• [WHAT YOU HAVE TO DO]:
Where the line containing "Español se masturba en el baño" appears, start repeating, and continue exactly through the last line below, adding nothing. Include no pictures.

• [INPUT DATA]:
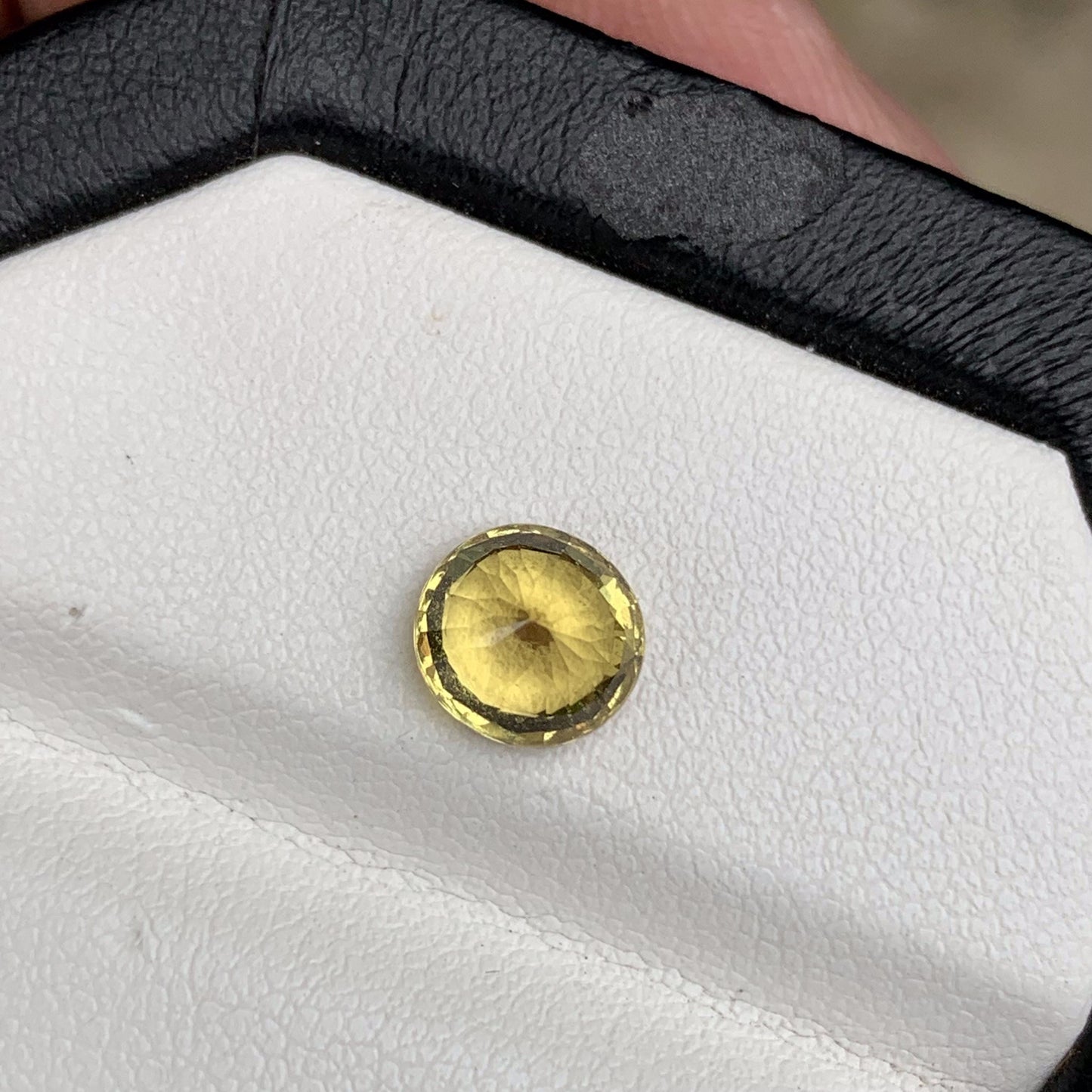 Yellow Sapphire 1.90ct (H) - Baza Boutique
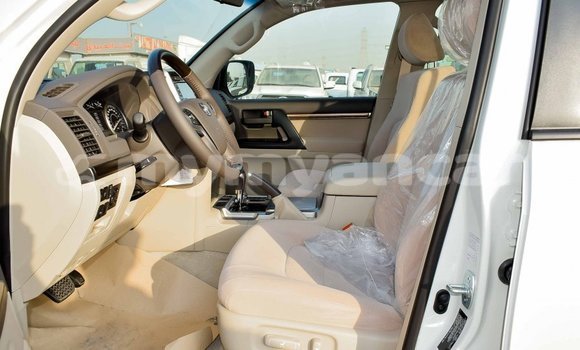 Acheter Import Voiture Toyota Land Cruiser Blanc à Import - Dubai, #<Region:0x000000000c5121b8> Acheter Import Voiture Toyota Land Cruiser Blanc à Import - Dubai, #<Region:0x000000000c5121b8>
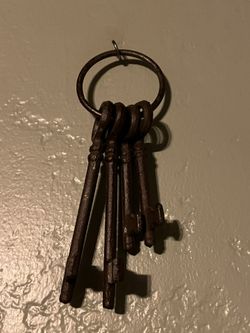 Vintage Skeleton Iron Cast Keys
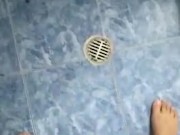 Español se masturba en el baño
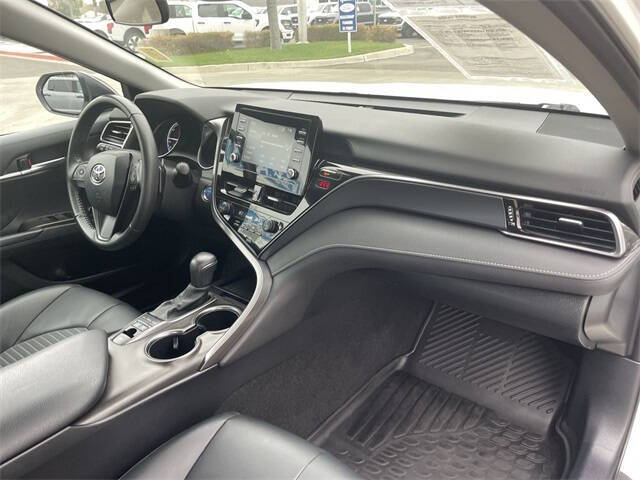 2023 Toyota Camry Hybrid SE Nightshade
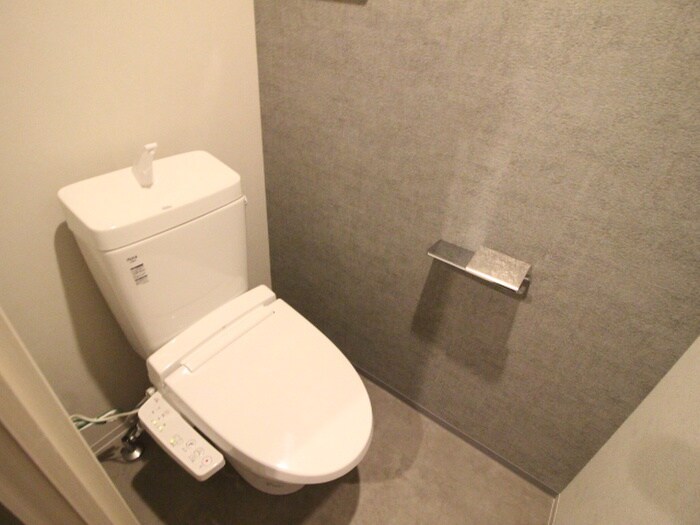 物件内観写真11　(トイレ)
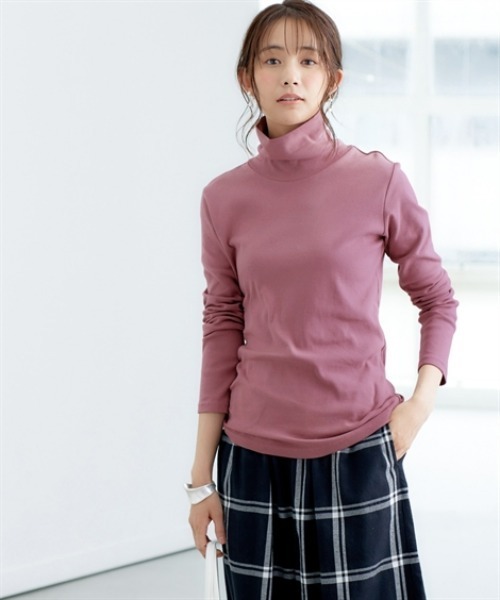 nissen（ニッセン）の「ＵＶカット綿１００％フライス素材タートルネックTシャツ（Tシャツ/カットソー・レディース・ブラック/ブルー/オフホワイト/ワイン/ライトグレー/グリーン/チャコール・M/S/LL/L）」の21枚目の写真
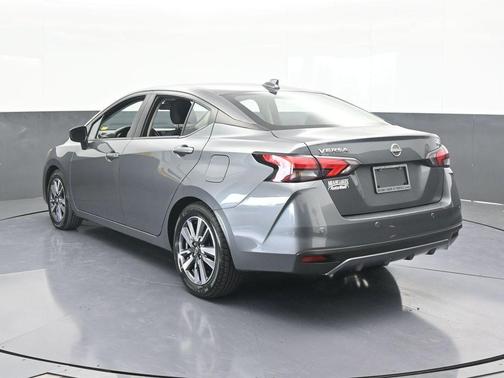 2023 Nissan Versa 1.6 SV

• [TASK SOLUTION]:
 Español se masturba en el baño
 2023 Toyota Camry Hybrid SE Nightshade
 物件内観写真11　(トイレ)
 nissen（ニッセン）の「ＵＶカット綿１００％フライス素材タートルネックTシャツ（Tシャツ/カットソー・レディース・ブラック/ブルー/オフホワイト/ワイン/ライトグレー/グリーン/チャコール・M/S/LL/L）」の21枚目の写真
 2023 Nissan Versa 1.6 SV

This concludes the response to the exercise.